Cause: User group doesn't have proxy access assigned

Solution:

  1. Go to Access & IdentityTeams & API Keys → select the team
  2. In Pipeline mode, use the Gateway section to assign the proxy; in Table mode, click the team → Proxy Access+ Assign Proxy
  3. Select the proxy and assign it

Issue: Rate limit exceeded

Cause: Exceeded configured rate limit

Solution:

  1. Wait for rate limit to reset (check X-RateLimit-Reset header)
  2. Request rate limit increase for your user group
  3. Implement request throttling in your client

FAQ

Q: Can I use the same API key for multiple proxies?

A: Yes! If your user group has access to multiple proxies, a single API key can be used to access all of them.

Q: Can I have multiple API keys in one user group?

A: Yes! This is recommended for:

  • Different environments (dev, staging, production)
  • Different applications
  • Key rotation without downtime

Q: What happens if I revoke an API key?

A: The key immediately stops working. All requests using that key will return 401 Unauthorized.

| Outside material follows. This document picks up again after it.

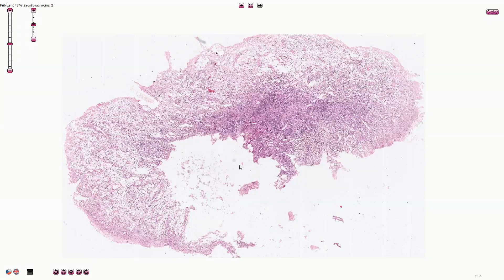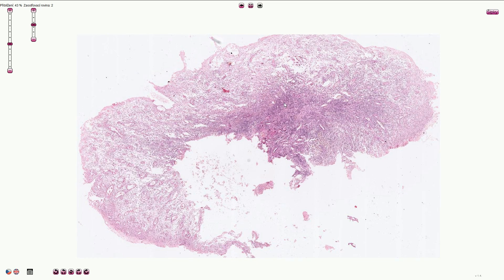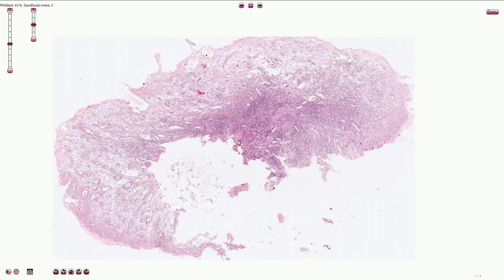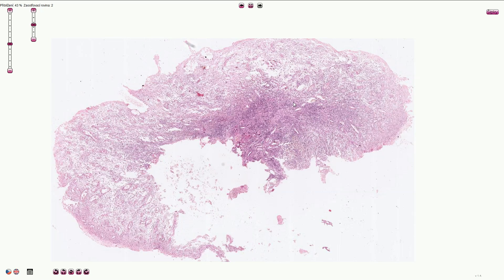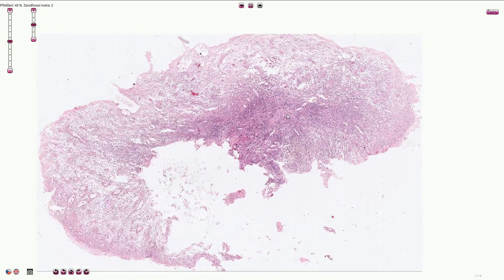Here we see granulation tissue. Granulation tissue is very important in the healing process — it is basically the way the organism creates new connective tissue. So if you cut yourself, the wound will be filled with granulation tissue. Another example is myocardial infarction, where coagulative necrosis after some time will turn into granulation tissue and over time it will heal and create scar tissue.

Q: Can I see which API keys are being used?

A: Yes! Check the "Last Used" timestamp and request count in the API Keys table.

Q: How do I rotate API keys without downtime?

A:

  1. Create a new API key
  2. Update your applications to use the new key
  3. Verify the new key is working (check "Last Used")
  4. Revoke the old key

Q: Can I set API keys to expire automatically?

A: Yes! When creating an API key, set the expires_in_days parameter. The key will automatically become invalid after that period.

Q: Do API keys work with all proxy types (MCP and LLM)?

A: Yes! API keys work with both MCP and LLM proxies. The authentication is handled at the gateway level, before reaching the target service.